The disability that would afflict him for much of his future was not yet imagined. His huge old house, once home to a thriving family of eleven, had gradually been stripped of its furniture as one by one those children moved out leaving Dad, the youngest, at home to care for his aging parents. Now they were gone and he could marry.

The couple struggled to keep the farm producing through the worst of the Depression with two young children before I came along. Six years younger than my sister and nine years separating me from my brother, I came as an unneeded addition. As Dad’s health failed, he became desperately afraid of the day when the loan came due and the bank might claim the farm. The cold charity of the county was his worst nightmare.

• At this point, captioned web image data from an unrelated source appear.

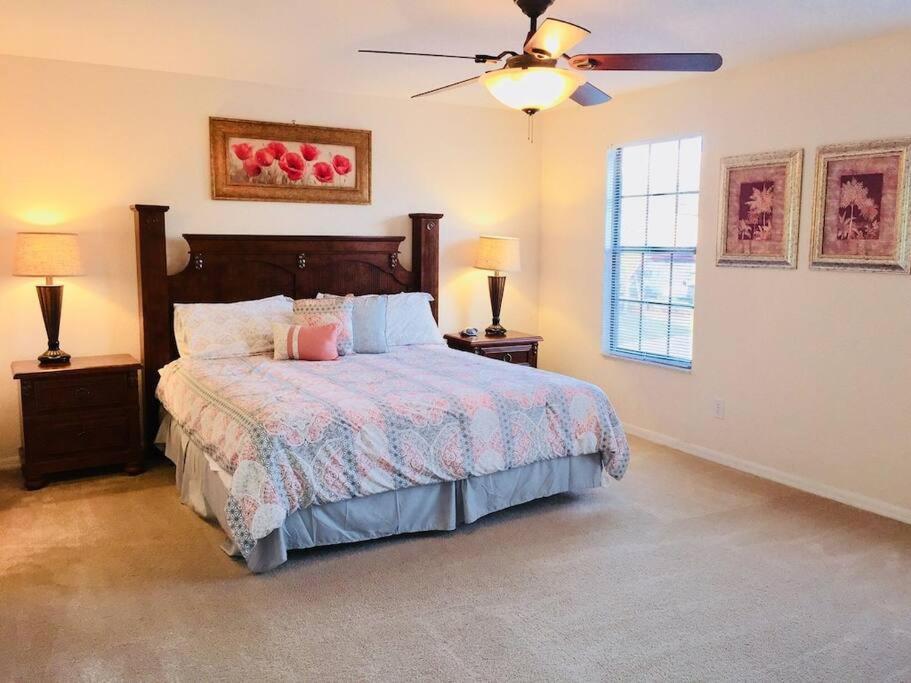Family Home, Pool, Spa, In Gated -126 *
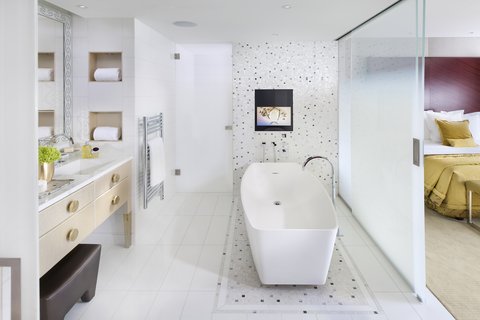 Deluxe Suite Bathroom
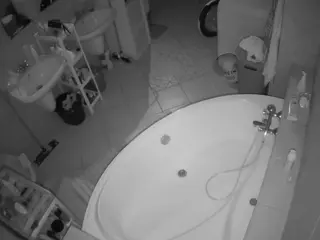 Julmodels Bathroom 1st Floor-1's Live Sex Cam Show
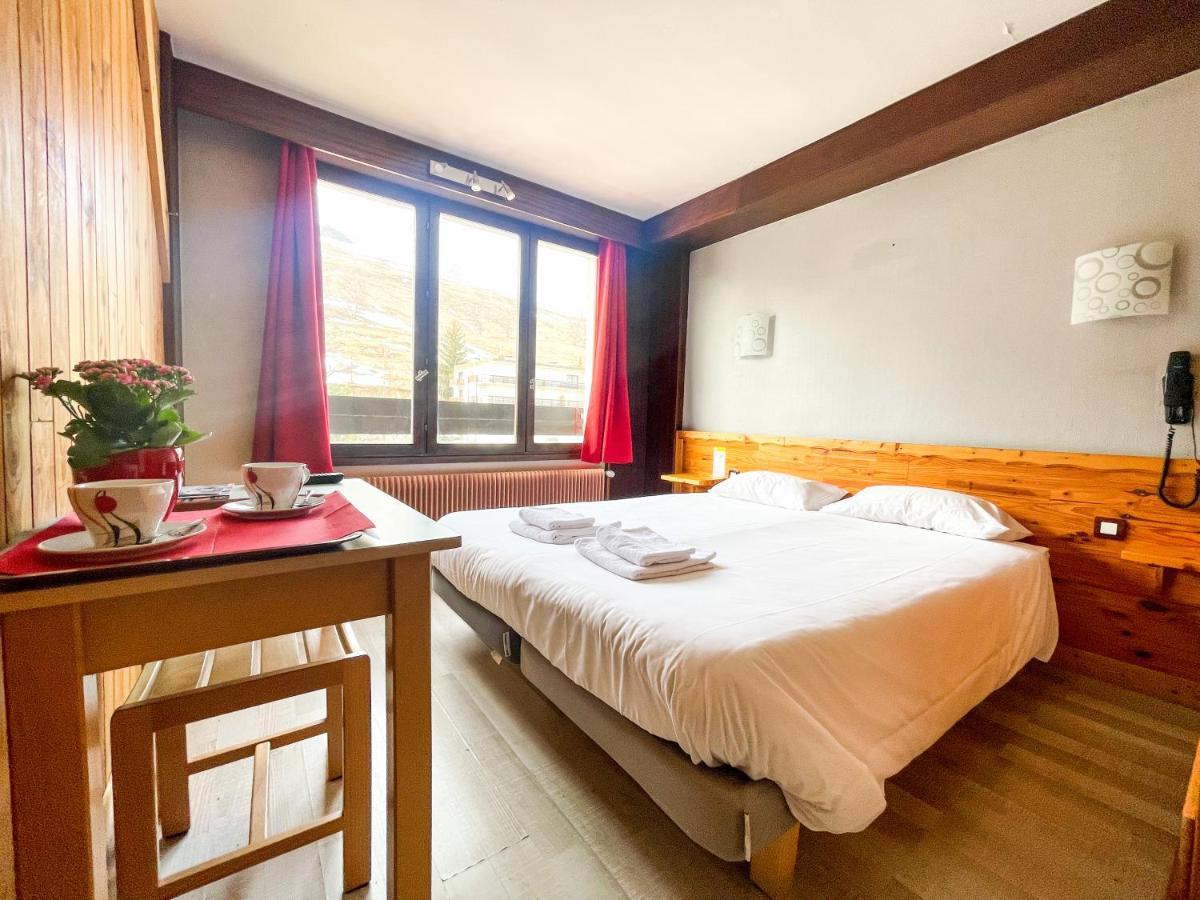 Atmosphere Hotel Les Deux Alpes Exterior photo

The new baby, in 1936, nearly broke my mother’s health and sanity. Over the next years, she struggled to care for three children and to take on more and more of the farm chores that Dad found increasingly difficult — tasks for which she was totally unsuited.

Dad’s pride kept him from going to any of the relatives with hat in hand. They lived day to day and the helping hand was busy at its own survival.

Once I was too old for my baby sitter, old lame Rex, to control within the limits of the yard, I was everywhere, crawling over the horses’ backs, hunting eggs in the hay mows or exploring the river that bounded the farm’s east side. I slipped away like an afterthought, mostly forgotten, a stranger on the fringes of the real family.

I became the observer, the recorder of family life, the critic, although I was careful to never give voice to my thoughts.